Fuels have to be moved around. They have to be shipped and trucked to fueling stations, moved point to point at ports, refineries and other industrial sites. Hydrogen is an energy product that can be made at the end of an electrical wire and allow the renewable energy to be moved around the world. That doesn’t mean it’s the most efficient means of providing energy at all points right now. And costs of production can be higher than the lows, depending on the region and what’s available.
Is hydrogen really being adopted for trains, ships, planes, growing the hydrogen demand? How likely is it hydrogen will be adopted for machines operating in Atlantic Canada, potentially contributing to a local market a hydrogen producer might feed? At this point, there is little and arguably nothing to suggest hydrogen options are taking over locally. The future is undecided in terms of the degree it might capture the local market, and at what speed. As for feeding export markets, it will be a matter of how quickly any demand emerges and competition within and without Canada for servicing any new demand, including from existing hydrogen producers.
Trains
Like cars and trucks, trains come in many different shapes and sizes, with varying purposes and differing energy demands. The main split is into passenger and freight operations. Freight operations represent about 95% of fuel consumption and total GHG emissions from rail in Canada, burning through 2.1 billion litres of fuel each year. About 87% of these freight services are mainline operations, mainlines being as they sound: running more locomotives, and with trains traveling longer distances when all of the travel in a year is totalled up.

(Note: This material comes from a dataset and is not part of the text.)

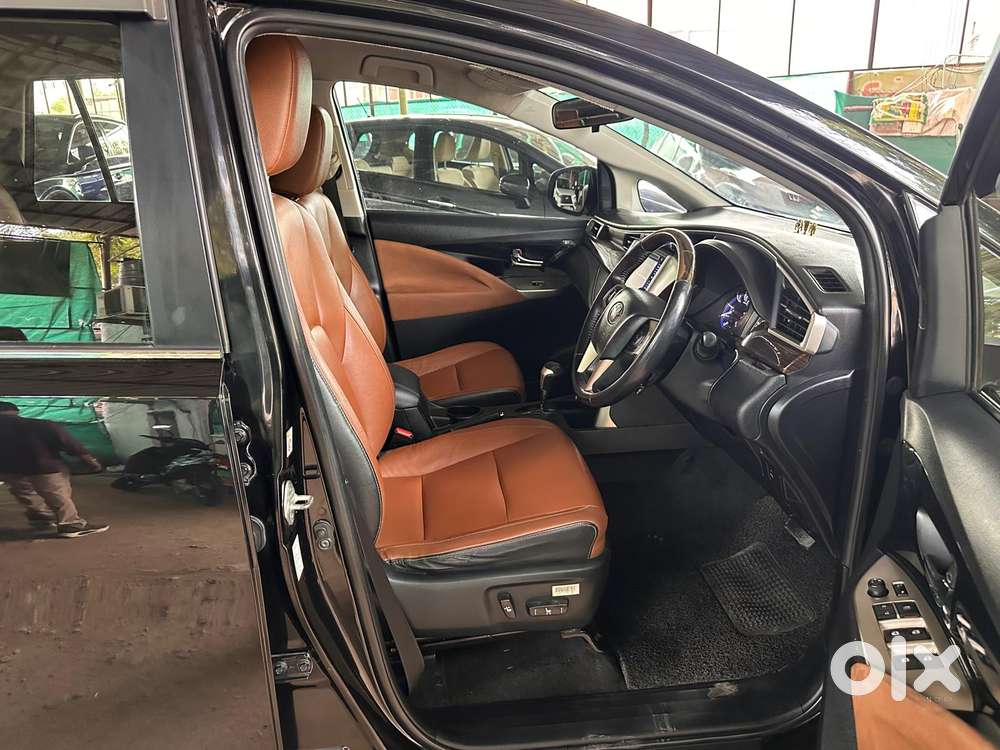 Toyota Innova Crysta 2.8 Zx At 7 Seater, 2017, Diesel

Per the Railway Association of Canada, in 2020 there were 3,756 locomotives running freight service in Canada, with over 2,900 on a main line. All told, these trains account for about 94% of the fleet. Passenger trains landed at a count of 239 locomotives, or about 6% of the Canadian fleet. And, in comparison to freight, passenger trains burn less than 5% of total fuel.

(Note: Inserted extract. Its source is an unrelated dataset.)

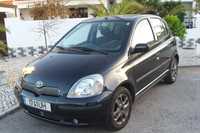 Toyota Yaris 1000 de cilindrada 2002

Canada’s main rail companies are Via Rail, Canadian National Railways (CN) and Canadian Pacific Railways (CP). The operations reach into Atlantic Canada but the bulk of use is elsewhere and, as a study on Maritimes hydrogen demand stated, “demand from this sector (in the Maritimes) will be dependent on their larger national strategies.” The industry does have a roadmap to decarbonize.
Are they looking at hydrogen? The short answer is yes, but right now there are limits.

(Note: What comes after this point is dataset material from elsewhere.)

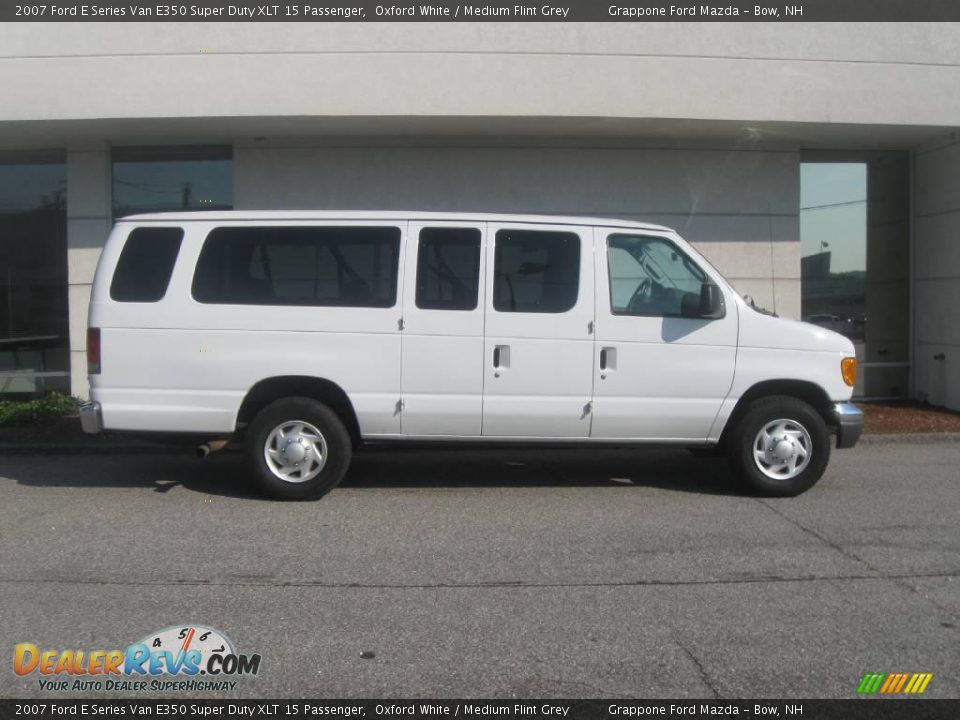 2007 Ford E Series Van E350 Super Duty XLT 15 Passenger Oxford White / Medium Flint Grey Photo #2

“Hydrogen is a promising potential solution to further reduce emissions (…) Hydrogen is one of several options being actively explored and tested by Canadian railways,” stated Railways Association of Canada manager of policy, environment and programs Ben Chursinoff, in an emailed response to questions.
“Given Canada’s terrain and climate, extensive testing is always required to understand and work through technical, operational, economic and safety considerations. This will advance not only hydrogen technology but also increase demand for hydrogen and support domestic production,” he stated.
Basically, everyone’s working on settling on best solutions. Indications are commercial operators here and around the world are likely to ultimately head down a path similar to trucking—leaning into electric wherever electric works, while looking at hydrogen as a possibility for geographic areas that prove difficult to electrify, including long-haul freight operations. Any determinations in the next few years will come with the caveat that these are decisions based on what is available right now that makes sense for businesses. Longer-term outlooks, like anything suggesting hydrogen uptake at 2050 or beyond, should be taken with a pound of salt.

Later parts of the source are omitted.